Alana Herro writes for Eye on Earth (e²), a service of World Watch Magazine in partnership with the blue moon fund. e² provides a unique perspective on current events, newly released studies, and important global trends.
In a July 25 memo to the Pentagon, U.S. Marine Corps Major General Richard Zilmer made a Priority 1 request for solarand wind-powered generators to help with the fight in Iraq. Without this solution, personnel loss rates are likely to continue at their current rate, Zilmer writes. Continued casualty accumulation exhibits [the] potential to jeopardize mission success.
The thermal signature of diesel-powered generators currently in use can enable enemies to detect U.S. outposts, experts say. And missions to supply the generators with JP-8, the standard battlefield fuel, are vulnerable to ambush. Without a self-sustainable energy solution, Zilmer notes, the U.S. Army will continue to accrue preventable serious and grave casualties.
Although Zilmers memo shows a growing focus on incorporating renewable energy sources into combat operations, it is not the first time the U.S. military has embraced the benefits of renewables. A 2004 study conducted for the Army reported that using solar panels to recharge equipment batteries was a better option than having soldiers carry disposable batteries into combat. Pentagon research from June 2005 illustrates the costs and benefits of using solar power to reduce fuel use. And four wind turbines currently supply roughly 25 percent of electricity needs at the U.S. Naval Station at Guantanamo Bay in Cuba.

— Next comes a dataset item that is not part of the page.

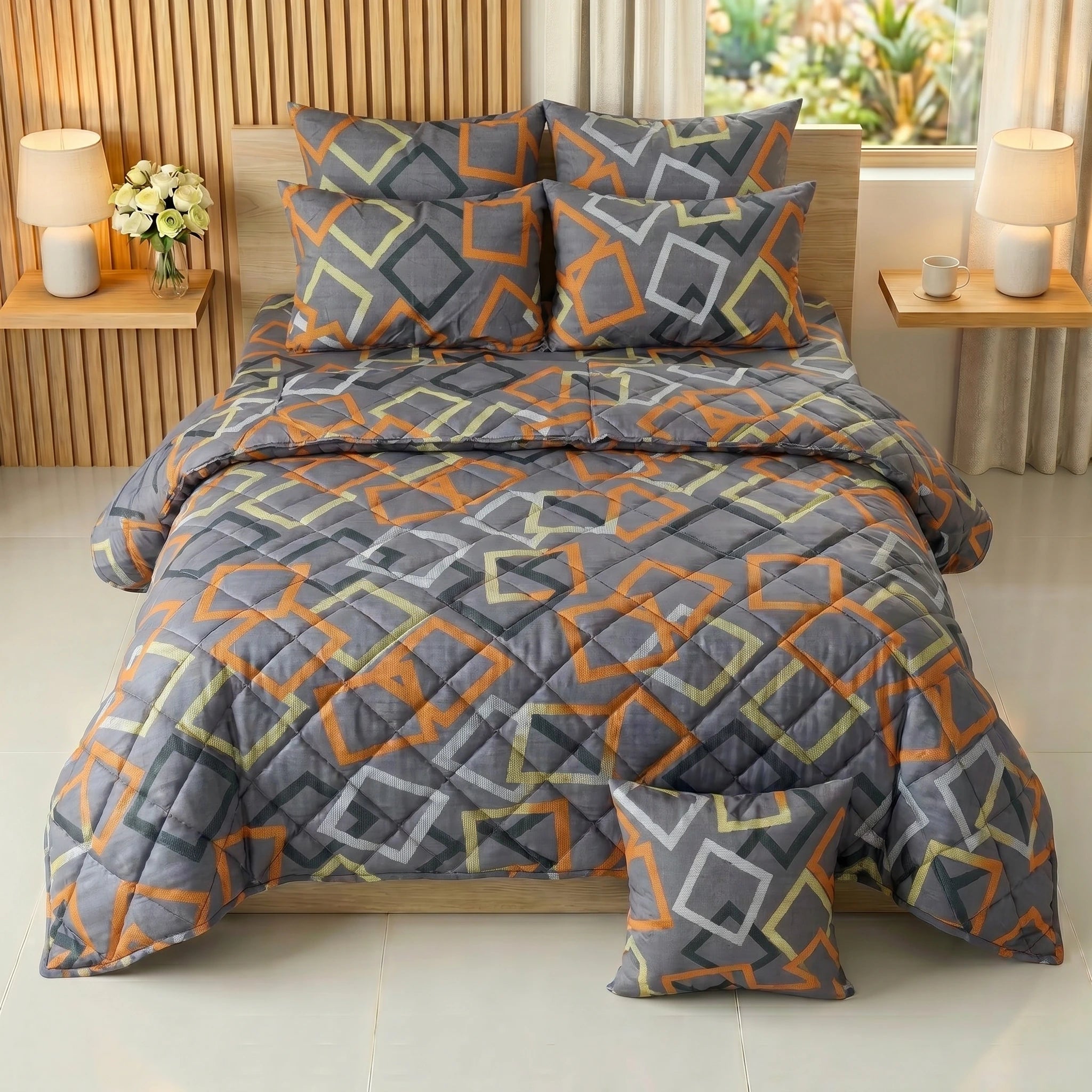 Modern Geometric Comforter Set — Printed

According to a 2004 study by the Rocky Mountain Institute, more than 50 percent of all fuel consumed in the battlefield is used by support units, not frontline troops. Before the recent rise in oil prices, the U.S. Army spent some $200 million annually on fuel and paid personnel an estimated $3.2 billion to transport it. The Defense Energy Support Center reports that in 2005, the U.S. military spent around $8 billion on some 128 million barrels of fuel; in 2004, it spent $7 billion on 145 million barrels. Zilmers memo estimates that a hybrid solar and wind power system, though expensive initially, would cut costs by 75 percent and pay for itself in 35 years.
There's something really unnerving about celebrating wind energy use in places like "Gitmo" and Iraq.
Yet I can also see the point of the RMI. Anything that accelerates the growth for wind and solar, no matter how distasteful its uses, brings us closer to a safer world. Looking at this from an ecological perspective (and climate change risks killing many more than US terrorism has managed so far), or from a geo-political angle (reducing the strategic value of oil), this is a good thing.
Of course, if we used the money spent on Iraq on levelling the playing field for renewables compared to subsidized fossil fuels, we could have done it much faster.
Of course, the title of this post could easily be changed to "With or Without Renewable Power, U.S. Army Could Fail in Iraq"
The US army has already failed in Iraq, unless its objectives were megadeaths, terrorist training and corporate enrichment.